$10M financing to advance Sharp’s oral Gaucher disease treatment
Company says its drug could benefit all Gaucher types
Sharp Therapeutics said it’s arranging a $10 million private investment to advance the development of ‘901, an oral treatment designed to address the neurological and non-neurological symptoms of Gaucher disease.
The financing will come through a non-brokered private placement of common stock. STX Partners, Sharp’s largest shareholder, has pledged to invest about $3 million if at least $7 million is raised from other investors.
The company plans to use the funds mainly to move ‘901 into a Phase 1 clinical trial, with the goal of showing that the experimental small molecule can treat all Gaucher disease types.
“We are excited to have identified the compound ‘901,” Scott Sneddon, PhD, Sharp’s CEO, said in a company press release. “The commitment by STX would allow Sharp to generate key human efficacy data” in the Phase 1 trial, Sneddon said.
Gaucher disease is caused by mutations that interfere with the production or function of glucocerebrosidase (GCase) enzyme, an enzyme that’s responsible for breaking down certain fatty molecules inside cells.
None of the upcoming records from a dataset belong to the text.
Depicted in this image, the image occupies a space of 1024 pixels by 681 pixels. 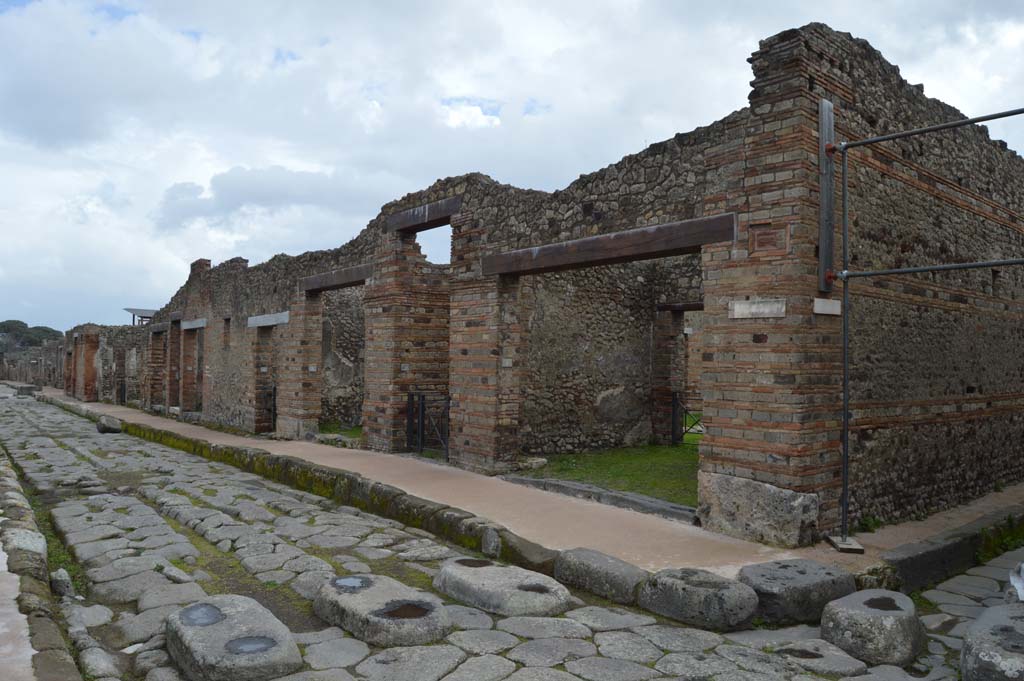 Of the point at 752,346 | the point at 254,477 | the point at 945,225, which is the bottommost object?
the point at 254,477

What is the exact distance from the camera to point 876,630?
11.6ft

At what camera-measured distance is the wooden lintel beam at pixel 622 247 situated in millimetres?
5737

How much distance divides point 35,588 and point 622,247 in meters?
5.10

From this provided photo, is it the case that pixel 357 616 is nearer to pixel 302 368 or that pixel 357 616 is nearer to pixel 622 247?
pixel 622 247

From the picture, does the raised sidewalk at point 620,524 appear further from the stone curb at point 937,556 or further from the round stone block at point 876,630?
the round stone block at point 876,630

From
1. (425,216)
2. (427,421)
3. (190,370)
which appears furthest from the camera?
(190,370)

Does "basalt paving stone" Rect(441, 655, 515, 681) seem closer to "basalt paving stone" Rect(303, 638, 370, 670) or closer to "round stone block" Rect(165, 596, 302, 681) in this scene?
"basalt paving stone" Rect(303, 638, 370, 670)

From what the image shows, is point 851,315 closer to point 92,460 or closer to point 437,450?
point 437,450

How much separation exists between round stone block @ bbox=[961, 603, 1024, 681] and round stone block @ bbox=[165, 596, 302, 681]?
2982mm

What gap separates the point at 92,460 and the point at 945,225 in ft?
36.4

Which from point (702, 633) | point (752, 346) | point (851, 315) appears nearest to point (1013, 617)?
point (702, 633)

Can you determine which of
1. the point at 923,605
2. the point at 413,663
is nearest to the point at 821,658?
the point at 923,605

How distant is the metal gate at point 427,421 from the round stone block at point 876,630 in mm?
5864

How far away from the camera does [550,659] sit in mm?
3324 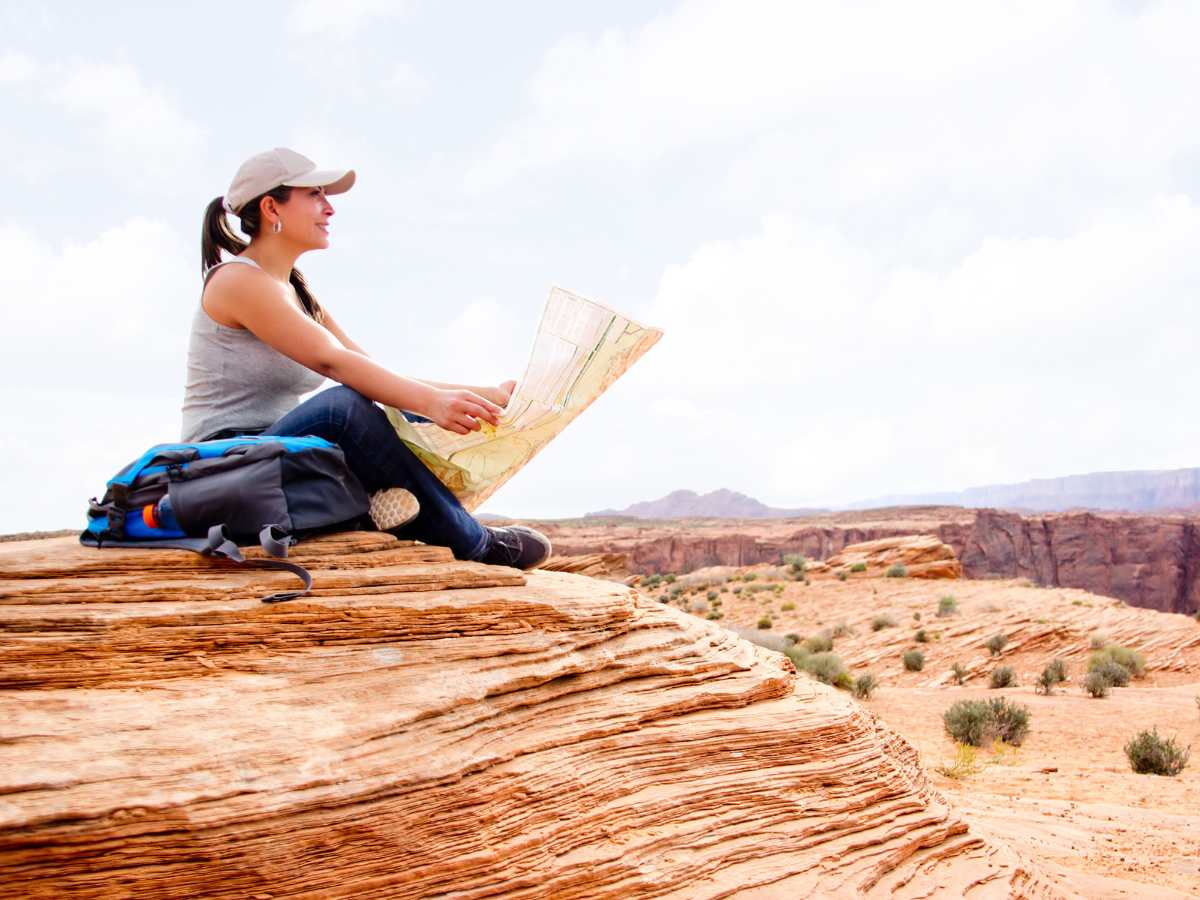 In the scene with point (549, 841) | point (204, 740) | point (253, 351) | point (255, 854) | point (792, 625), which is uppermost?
point (253, 351)

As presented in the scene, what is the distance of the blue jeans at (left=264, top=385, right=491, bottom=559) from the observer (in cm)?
380

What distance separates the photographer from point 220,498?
3.44 metres

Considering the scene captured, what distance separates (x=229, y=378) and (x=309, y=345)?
520mm

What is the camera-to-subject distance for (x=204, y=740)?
9.28 ft

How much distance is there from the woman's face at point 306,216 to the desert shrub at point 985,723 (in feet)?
40.2

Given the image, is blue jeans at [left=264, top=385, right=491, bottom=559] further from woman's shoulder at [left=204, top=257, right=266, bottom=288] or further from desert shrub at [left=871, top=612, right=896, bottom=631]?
desert shrub at [left=871, top=612, right=896, bottom=631]

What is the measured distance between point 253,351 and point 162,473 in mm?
753

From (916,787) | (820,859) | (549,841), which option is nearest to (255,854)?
(549,841)

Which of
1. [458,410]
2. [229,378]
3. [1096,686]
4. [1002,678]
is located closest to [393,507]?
[458,410]

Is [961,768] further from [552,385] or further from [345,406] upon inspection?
[345,406]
When GCase is missing or not working properly, it cannot effectively break down these molecules, so they accumulate to toxic levels inside certain cells, leading to a wide range of Gaucher disease symptoms.
Crossing the blood-brain barrier
Sharp’s ‘901 is an orally available small molecule designed to increase the activity of the faulty GCase, boosting its ability to clear out the fatty molecules that drive disease symptoms. Preclinical studies showed that it boosted GCase activity in cells derived from people with Gaucher, and reduced the buildup of harmful fatty molecules in a mouse model of the condition.
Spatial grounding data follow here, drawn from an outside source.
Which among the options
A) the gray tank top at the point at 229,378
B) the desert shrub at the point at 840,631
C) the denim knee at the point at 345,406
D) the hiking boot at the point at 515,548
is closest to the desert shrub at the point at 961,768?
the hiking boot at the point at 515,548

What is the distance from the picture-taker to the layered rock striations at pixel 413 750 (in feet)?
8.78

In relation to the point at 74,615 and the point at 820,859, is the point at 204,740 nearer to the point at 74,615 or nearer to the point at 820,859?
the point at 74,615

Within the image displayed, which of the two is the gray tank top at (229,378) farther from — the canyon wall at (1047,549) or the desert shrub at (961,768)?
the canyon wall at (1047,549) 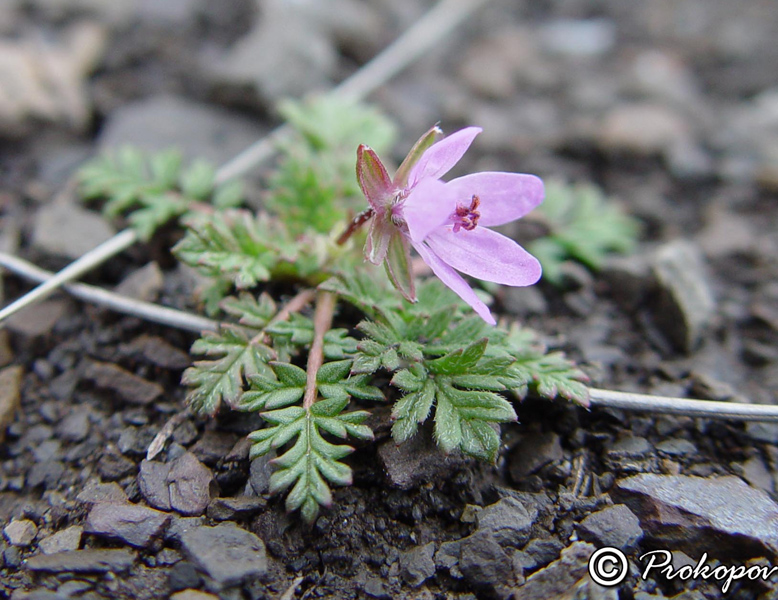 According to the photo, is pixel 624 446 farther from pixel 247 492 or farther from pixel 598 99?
pixel 598 99

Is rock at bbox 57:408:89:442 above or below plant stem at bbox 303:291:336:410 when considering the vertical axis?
below

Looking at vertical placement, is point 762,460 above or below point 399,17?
below

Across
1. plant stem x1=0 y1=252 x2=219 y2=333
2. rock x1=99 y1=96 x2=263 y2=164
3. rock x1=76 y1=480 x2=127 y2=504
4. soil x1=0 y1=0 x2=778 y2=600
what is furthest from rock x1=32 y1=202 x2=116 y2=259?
rock x1=76 y1=480 x2=127 y2=504

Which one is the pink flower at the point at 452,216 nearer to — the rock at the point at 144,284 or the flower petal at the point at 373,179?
the flower petal at the point at 373,179

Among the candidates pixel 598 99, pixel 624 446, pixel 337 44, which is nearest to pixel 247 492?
pixel 624 446

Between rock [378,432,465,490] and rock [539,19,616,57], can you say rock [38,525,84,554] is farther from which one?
rock [539,19,616,57]

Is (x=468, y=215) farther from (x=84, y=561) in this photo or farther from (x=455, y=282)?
(x=84, y=561) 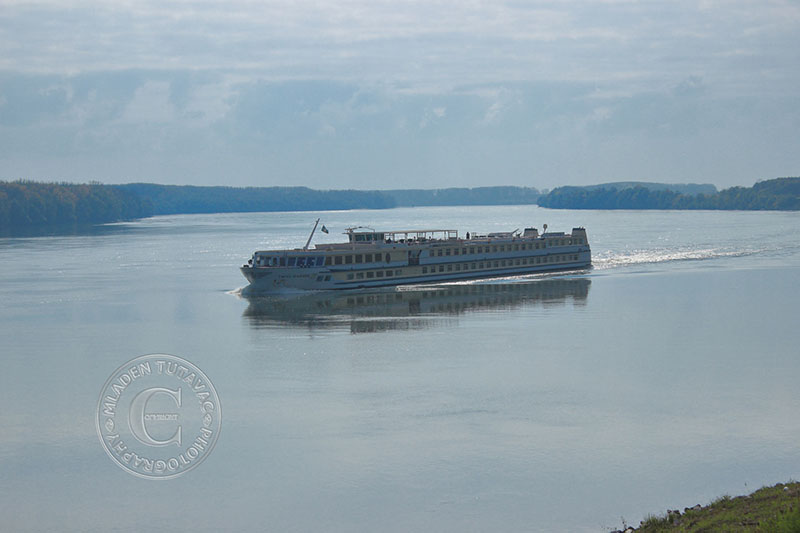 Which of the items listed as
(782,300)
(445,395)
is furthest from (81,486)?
(782,300)

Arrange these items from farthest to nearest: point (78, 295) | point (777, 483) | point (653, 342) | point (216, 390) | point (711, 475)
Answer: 1. point (78, 295)
2. point (653, 342)
3. point (216, 390)
4. point (711, 475)
5. point (777, 483)

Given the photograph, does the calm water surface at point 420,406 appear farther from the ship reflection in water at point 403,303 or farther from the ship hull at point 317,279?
the ship hull at point 317,279

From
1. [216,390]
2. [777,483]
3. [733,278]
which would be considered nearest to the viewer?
[777,483]

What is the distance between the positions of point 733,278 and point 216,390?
6448 centimetres

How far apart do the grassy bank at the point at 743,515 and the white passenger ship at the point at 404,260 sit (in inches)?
2101

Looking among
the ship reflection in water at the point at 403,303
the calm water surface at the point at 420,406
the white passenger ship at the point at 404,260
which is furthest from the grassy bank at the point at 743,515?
the white passenger ship at the point at 404,260

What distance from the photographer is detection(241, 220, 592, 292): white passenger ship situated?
80.9m

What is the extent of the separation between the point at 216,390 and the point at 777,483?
24952 mm

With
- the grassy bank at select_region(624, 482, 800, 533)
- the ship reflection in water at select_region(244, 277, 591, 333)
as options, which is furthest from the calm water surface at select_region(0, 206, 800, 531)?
the grassy bank at select_region(624, 482, 800, 533)

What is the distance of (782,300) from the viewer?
236ft

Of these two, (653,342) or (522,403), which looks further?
(653,342)

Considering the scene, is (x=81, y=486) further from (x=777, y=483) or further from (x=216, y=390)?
(x=777, y=483)

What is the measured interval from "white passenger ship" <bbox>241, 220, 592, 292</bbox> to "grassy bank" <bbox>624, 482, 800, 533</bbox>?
2101 inches

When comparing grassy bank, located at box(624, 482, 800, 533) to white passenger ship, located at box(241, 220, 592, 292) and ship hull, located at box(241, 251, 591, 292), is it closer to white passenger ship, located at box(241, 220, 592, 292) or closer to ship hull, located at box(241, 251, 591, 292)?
white passenger ship, located at box(241, 220, 592, 292) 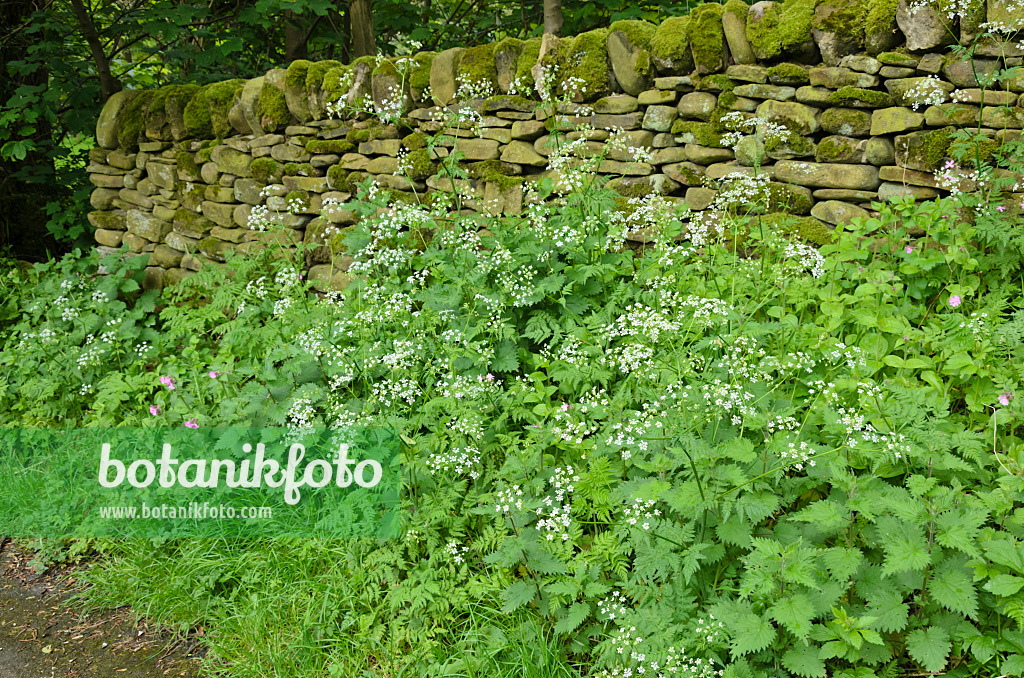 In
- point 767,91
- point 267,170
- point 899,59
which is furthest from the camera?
point 267,170

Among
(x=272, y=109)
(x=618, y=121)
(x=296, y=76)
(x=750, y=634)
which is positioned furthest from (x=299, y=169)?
(x=750, y=634)

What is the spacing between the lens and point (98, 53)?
6266 mm

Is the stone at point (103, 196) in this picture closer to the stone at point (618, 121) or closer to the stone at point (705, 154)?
the stone at point (618, 121)

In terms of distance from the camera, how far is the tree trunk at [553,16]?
4680 millimetres

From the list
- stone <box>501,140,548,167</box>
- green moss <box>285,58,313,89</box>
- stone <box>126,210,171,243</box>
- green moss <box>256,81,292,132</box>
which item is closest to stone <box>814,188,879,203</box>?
stone <box>501,140,548,167</box>

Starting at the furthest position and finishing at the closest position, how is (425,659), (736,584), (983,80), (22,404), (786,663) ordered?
(22,404), (983,80), (425,659), (736,584), (786,663)

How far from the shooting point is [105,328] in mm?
4699

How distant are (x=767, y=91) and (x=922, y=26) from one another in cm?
70

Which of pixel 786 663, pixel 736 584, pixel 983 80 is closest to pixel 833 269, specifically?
pixel 983 80

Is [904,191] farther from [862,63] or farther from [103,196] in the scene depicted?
[103,196]

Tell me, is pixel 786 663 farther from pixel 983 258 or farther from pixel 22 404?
pixel 22 404

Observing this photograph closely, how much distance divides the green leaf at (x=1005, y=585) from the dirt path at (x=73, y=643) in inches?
108

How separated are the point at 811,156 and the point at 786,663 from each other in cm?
251

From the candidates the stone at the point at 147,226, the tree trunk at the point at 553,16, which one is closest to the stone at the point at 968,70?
the tree trunk at the point at 553,16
Preclinical data also suggest ‘901 can cross the blood-brain barrier, or the selective membrane that controls which substances in the bloodstream can cross into the brain. This suggests it may have the potential to ease the neurological manifestations of the disease, which aren’t well managed with available Gaucher treatments.
That means it could benefit people with type 1 Gaucher disease, which does not involve the nervous system, as well as those with neuronopathic types 2 and 3, which are more severe forms of the disease that cause neurological symptoms such as seizures and abnormal eye movements.
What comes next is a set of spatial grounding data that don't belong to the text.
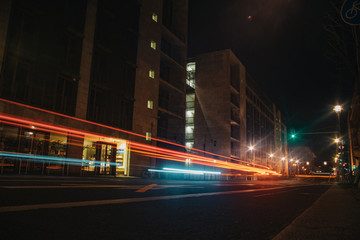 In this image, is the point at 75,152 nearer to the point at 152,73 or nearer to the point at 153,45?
the point at 152,73

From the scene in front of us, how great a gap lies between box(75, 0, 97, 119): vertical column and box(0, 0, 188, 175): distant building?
85mm

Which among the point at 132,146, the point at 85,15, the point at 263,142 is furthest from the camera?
the point at 263,142

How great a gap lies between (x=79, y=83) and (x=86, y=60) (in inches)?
90.2

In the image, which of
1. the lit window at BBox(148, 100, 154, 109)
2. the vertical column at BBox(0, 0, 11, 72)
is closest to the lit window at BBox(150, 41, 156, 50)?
the lit window at BBox(148, 100, 154, 109)

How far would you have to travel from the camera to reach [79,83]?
22.2m

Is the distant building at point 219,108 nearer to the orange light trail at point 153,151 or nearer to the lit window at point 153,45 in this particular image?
the orange light trail at point 153,151

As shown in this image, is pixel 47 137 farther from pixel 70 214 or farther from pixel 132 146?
pixel 70 214

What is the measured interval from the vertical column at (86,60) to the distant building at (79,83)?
0.28ft

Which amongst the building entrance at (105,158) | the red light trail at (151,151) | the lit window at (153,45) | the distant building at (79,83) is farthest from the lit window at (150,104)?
the building entrance at (105,158)

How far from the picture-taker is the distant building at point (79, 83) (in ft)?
57.7

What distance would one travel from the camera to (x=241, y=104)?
57.7m

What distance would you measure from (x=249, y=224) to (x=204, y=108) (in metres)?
49.6

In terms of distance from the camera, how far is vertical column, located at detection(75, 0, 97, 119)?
72.6ft

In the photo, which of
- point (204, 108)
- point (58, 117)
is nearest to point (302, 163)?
point (204, 108)
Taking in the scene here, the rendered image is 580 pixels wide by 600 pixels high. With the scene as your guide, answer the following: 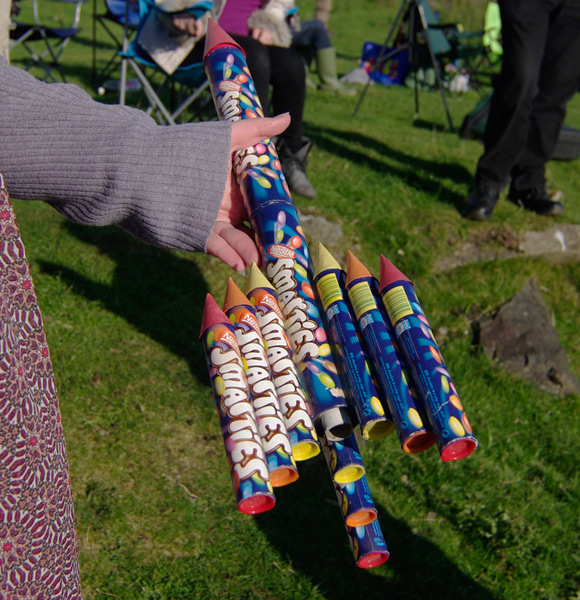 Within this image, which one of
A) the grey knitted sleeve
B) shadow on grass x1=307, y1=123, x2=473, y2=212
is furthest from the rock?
the grey knitted sleeve

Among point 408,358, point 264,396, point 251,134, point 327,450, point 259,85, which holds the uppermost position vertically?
point 251,134

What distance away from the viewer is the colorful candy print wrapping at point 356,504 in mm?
1240

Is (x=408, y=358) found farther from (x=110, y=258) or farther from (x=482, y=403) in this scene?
(x=110, y=258)

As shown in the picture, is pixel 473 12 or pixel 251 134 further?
pixel 473 12

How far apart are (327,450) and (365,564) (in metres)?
0.25

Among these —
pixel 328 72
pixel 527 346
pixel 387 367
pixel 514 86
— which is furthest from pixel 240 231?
pixel 328 72

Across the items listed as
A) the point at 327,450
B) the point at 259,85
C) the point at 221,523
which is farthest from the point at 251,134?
the point at 259,85

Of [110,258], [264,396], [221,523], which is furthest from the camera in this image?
[110,258]

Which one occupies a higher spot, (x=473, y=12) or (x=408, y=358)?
(x=408, y=358)

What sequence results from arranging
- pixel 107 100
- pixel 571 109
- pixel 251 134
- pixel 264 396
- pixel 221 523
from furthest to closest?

Sharp said it is presenting additional preclinical data supporting the development of ‘901 at the World Orphan Drug Congress 2025, being held Oct. 27–29 in Amsterdam.
“Based on our promising preclinical data, we believe ‘901 has the potential to treat both the peripheral and central nervous system manifestations of Gaucher disease, while offering a favorable safety profile and the convenience of an oral medicine,” Sneddon said in a separate press release. “We look forward to initiating clinical studies in the near term that are designed to efficiently establish proof of biology and lay the foundation for future registrational trials.”